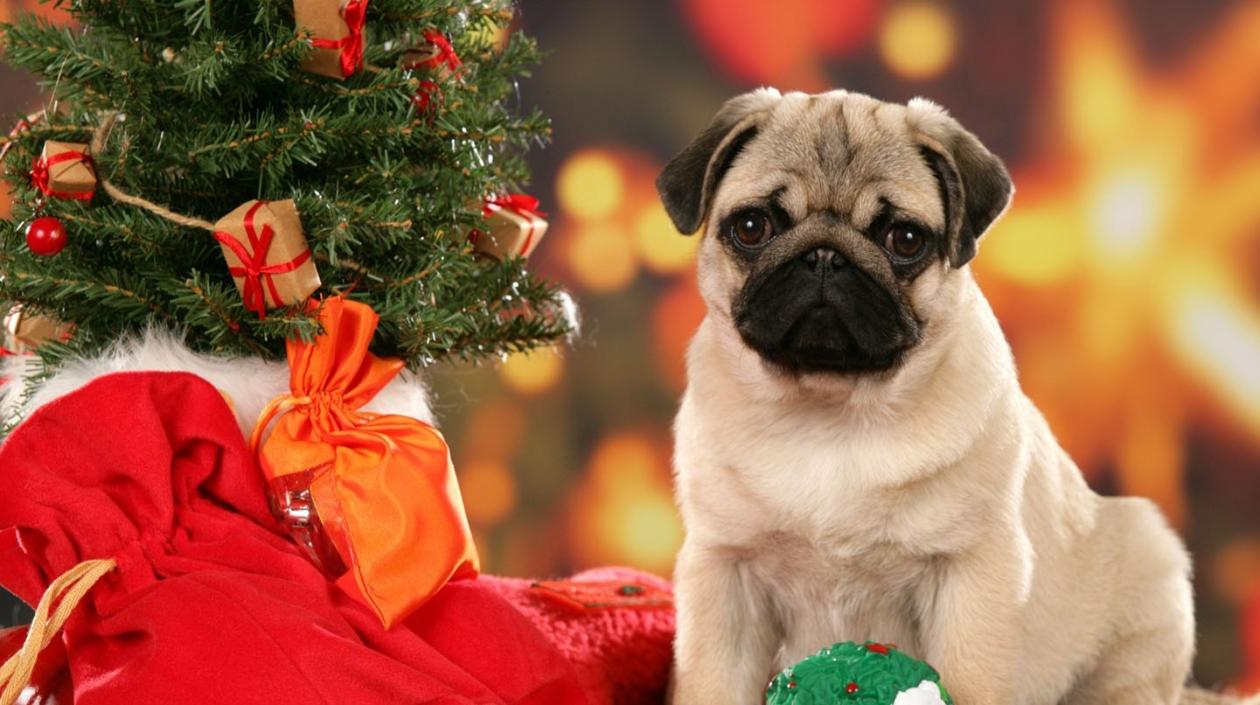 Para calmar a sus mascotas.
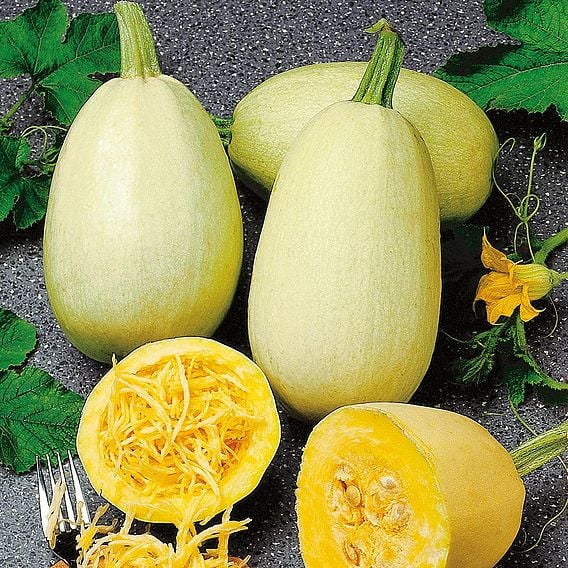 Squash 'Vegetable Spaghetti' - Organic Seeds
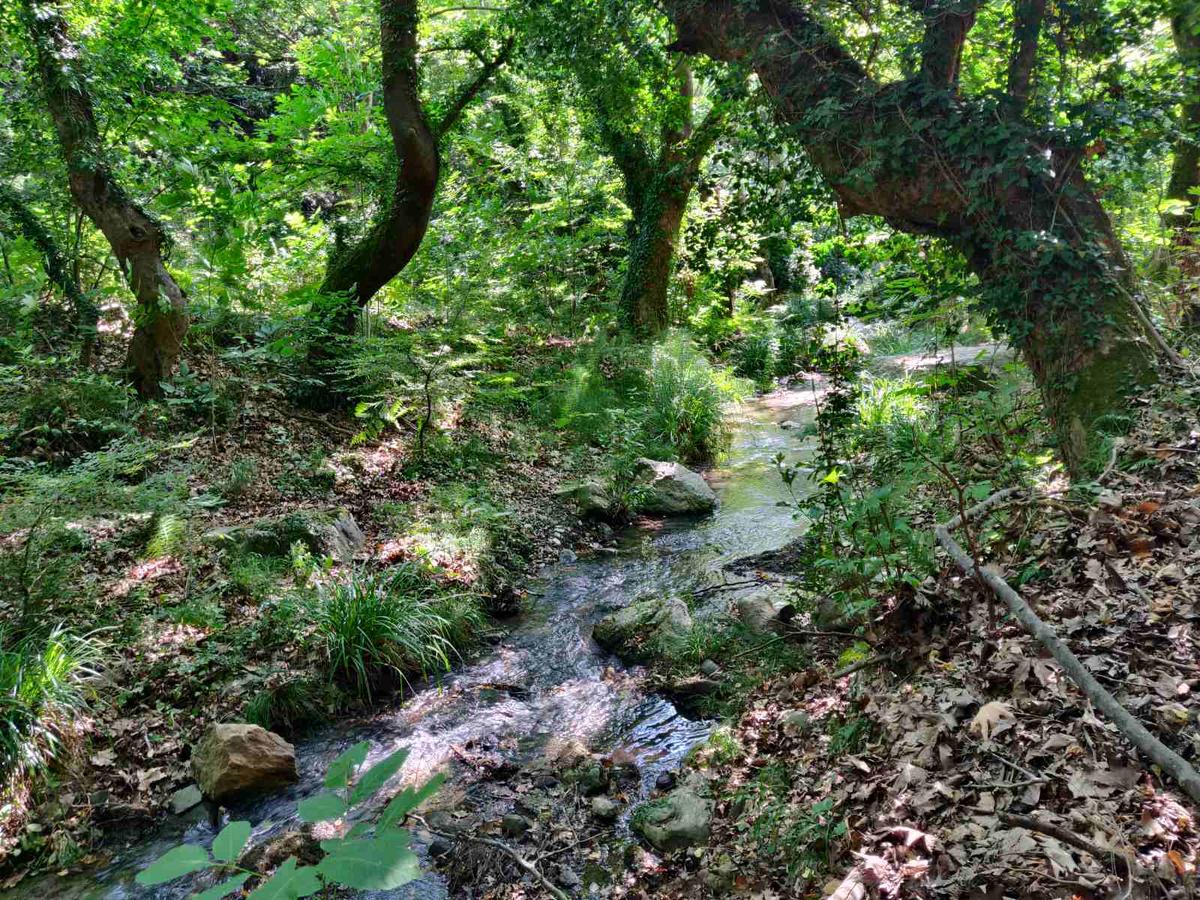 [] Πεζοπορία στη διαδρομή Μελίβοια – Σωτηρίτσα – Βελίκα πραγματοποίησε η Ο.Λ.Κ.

######

● **Task item**: Reproduce the listing above exactly, but skip the pictures.

● **Result**:
 Para calmar a sus mascotas.
 Squash 'Vegetable Spaghetti' - Organic Seeds
 [] Πεζοπορία στη διαδρομή Μελίβοια – Σωτηρίτσα – Βελίκα πραγματοποίησε η Ο.Λ.Κ.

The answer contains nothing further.